A falta de legitimidade democrática do governo Papademos deriva dos seguintes factos:

– Os dois partidos políticos que apoiam o governo e participam nele não têm mandato popular para comprometer a Grécia com tratados e acordos desta natureza. Os seus representantes foram eleitos nas últimas eleições de outubro de 2009, baseados em programas políticos totalmente contrários às políticas que foram seguidas pelo anterior governo de Papandreu, bem como às que estão a ser negociadas hoje com a UE, a troika e o FMI pelo atual governo. Os dois partidos que hoje constituem o atual governo têm um registo histórico de pilhagem dos recursos públicos e são responsáveis pela atual situação económica.

– O povo grego foi sistematicamente desinformado e enganado sobre a intensidade e a duração das medidas de austeridade, desde a sua primeira implementação em 2010. Consequentemente, retirou a confiança no sistema político grego. Mais ainda, o amplamente admitido – dentro do nosso país e no exterior – fracasso óbvio destas medidas para enfrentar com sucesso os problemas fiscais que supostamente resolveriam nestes últimos dois anos e no período de cinco anos de aprofundamento constante da recessão, legitimou mais ainda a exigência de uma mudança de política, de forma a restaurar um crescimento socialmente justo e, assim, a perspetiva de uma racionalização fiscal.

– Mais especificamente: o governo não-eleito de Papademos apenas fornece um mínimo de informação, às vezes mesmo enganadora, no que diz respeito ao acordo que secretamente negoceia. Não iniciou, nem permitiu que começasse qualquer discussão informativa e pública acerca dos compromissos de longo prazo extremamente graves que se seguem. A Democracia Grega foi assim privada do direito, protegido constitucionalmente, de fazer uma avaliação detalhada das consequências do acordo assinado. O chamado “segundo resgate” foi votado através de processo ultra-expedito de emergência, no quadro de uma sessão parlamentar num domingo. O principal objetivo desta sessão foi a exigência, feita pelo governo, de uma autorização que é uma carta branca para assinar documentos quase em branco, que vão comprometer o país nos anos vindouros.

– Apesar do nível de falta de informação sobre estes acordos, o seu conteúdo parece ser tal que compromete o povo grego para as gerações vindouras.

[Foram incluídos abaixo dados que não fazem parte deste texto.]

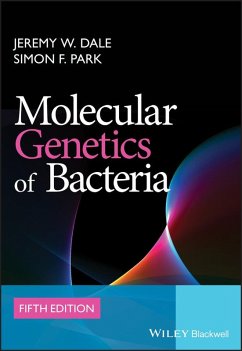 Molecular Genetics of Bacteria (eBook, PDF) - Dale, Jeremy W.; Park, Simon F.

Para um tal compromisso, qualquer governo deveria pelo menos pedir um claro e renovado mandato.

– Apesar do nível de falta de informação sobre os movimentos do governo, a vontade do povo grego, expressa numa multitude e variedade de formas, é quase unânime em se opor a eles. Especificamente, durante os últimos dois anos, o povo da Grécia, por todo o país, demonstrou a sua oposição às políticas do governo, através de, entre outros meios, repetidas greves gerais e manifestações, ocupações, envio de cartas e mensagens eletrónicas, e outras formas de comunicação pessoal com os deputados. O governo grego não só escolheu ignorar a voz do seu povo, como também tentou mesmo sufocá-la, por vezes até de forma violenta, para dar continuidade, de forma antidemocrática, às políticas que se demonstraram desastrosas para a sociedade e a economia gregas.

Por todos os motivos acima expostos, notifico-vos que o povo grego, assim que restaurar o direito de exprimir democraticamente a sua vontade e reconquistar o controlo sobre as instituições democráticas, irá com toda a probabilidade reservar o seu reconhecimento ou o cumprimento destes acordos que o atual governo planeia aceitar. Especificamente, o povo grego não aceitará qualquer perda de soberania, o envolvimento estrangeiro em assuntos internos da Grécia ou a venda em larga-escala das empresas públicas, da terra e de outros bens que o atual governo se prepara para aceitar.